Raju Khadka

Personal information
- Born: 11 September 1975 (age 50) Nepal
- Batting: Right-handed
- Bowling: Right-arm medium-fast
- Role: All-rounder

International information
- National side: Nepal;

Domestic team information
- 2002–2010: Bhairahawa

Career statistics
| Competition | First-class |
| Matches | 2 |
| Runs scored | 75 |
| Batting average | 25.00 |
| 100s/50s | 0/1 |
| Top score | 67 |
| Balls bowled | 156 |
| Wickets | 3 |
| Bowling average | 18.66 |
| 5 wickets in innings | 0 |
| 10 wickets in match | 0 |
| Best bowling | 2/17 |
| Catches/stumpings | 1/– |
- Source: CricketArchive, 28 July 2014

= Raju Khadka =

Raju Khadka (born 11 September 1975) is a former Nepalese cricketer. An all-rounder, Raju is a right-handed batsman and a right-arm medium-fast bowler. He made his debut for Nepal against Bangladesh in September 1996.

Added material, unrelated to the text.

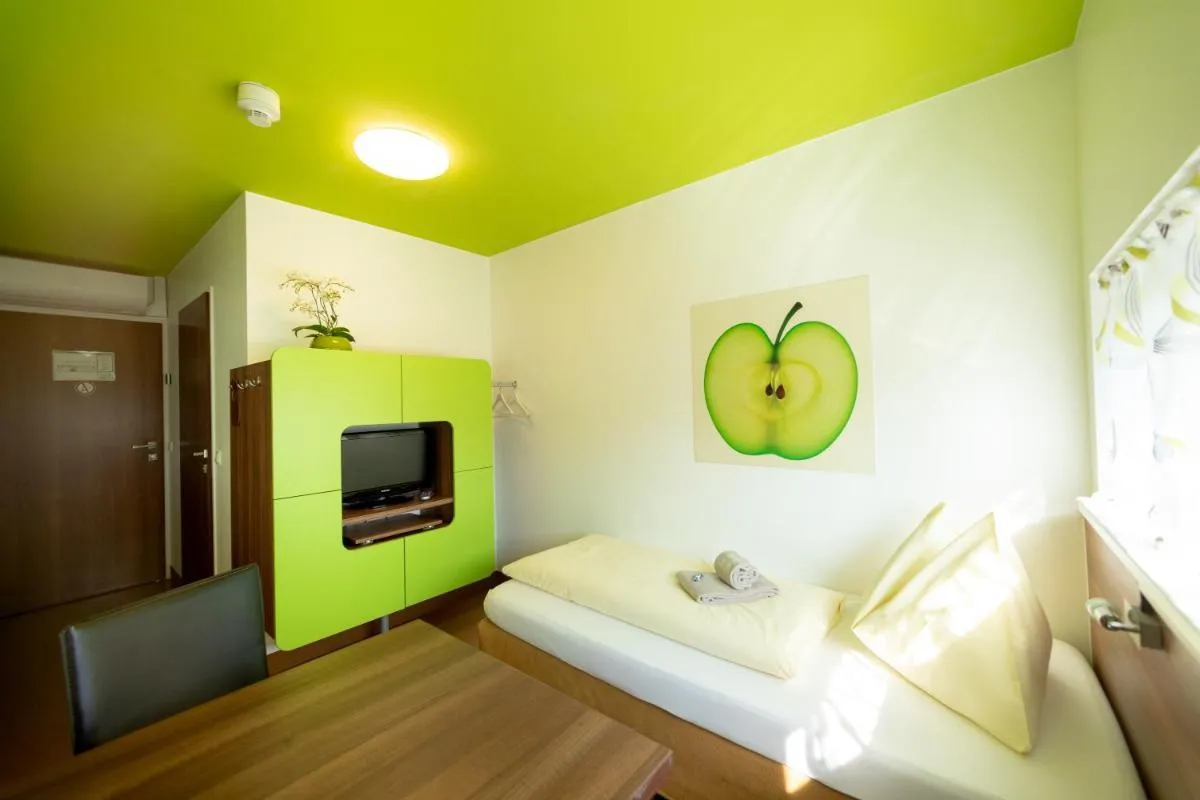 Image 4 of Hotel Greenrooms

Khadka became the first Nepalese cricketer to score an international century, when he slammed an unbeaten 105 off just 50 balls against Bhutan during the 2003 ACC Emerging Nations Tournament in March 2003.

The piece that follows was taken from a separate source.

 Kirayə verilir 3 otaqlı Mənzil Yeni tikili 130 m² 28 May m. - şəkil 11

He represents the Region No. 4 Bhairahawa of the National League.

== Biography ==

Born in Nepal in 1975, Khadka first played for Nepal in the 1996 ACC Trophy, which was held in Malaysia. He played in the tournament again in 1998, 2000 and 2002, captaining the side to a runners-up slot in the latter tournament.

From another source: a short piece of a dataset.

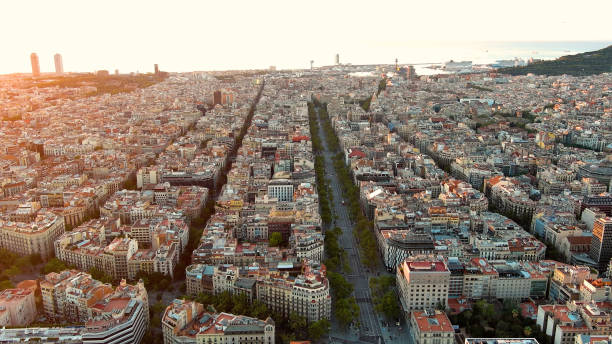 바르셀로나 도시 스카이 라인, passeig de gracia 및 일출시 eixample 주거 지구의 조감도. 카탈로니아, 스페인 - la pedrera 이미지 뉴스 사진 이미지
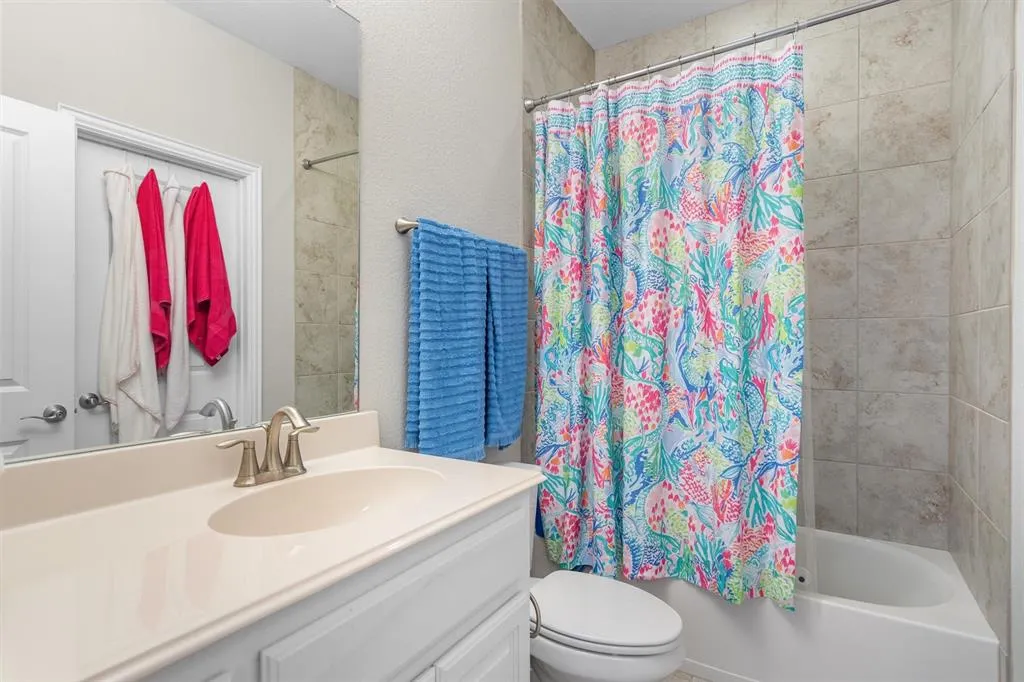 6805 Royal View Drive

He made his first-class début in 2004, playing in the 2004 ICC Intercontinental Cup against the UAE and Malaysia. Later in the year, he played in the 2004 ACC Trophy in Kuala Lumpur and ACC Fast Track Countries Tournament matches against Singapore and the UAE. The match against the UAE was his last for Nepal.

== Coaching ==

Currently, Khadka serves as a game teacher at Little Flower School, Narayangarh, Chitwan and is the head coach of the Cricket Academy of Chitwan.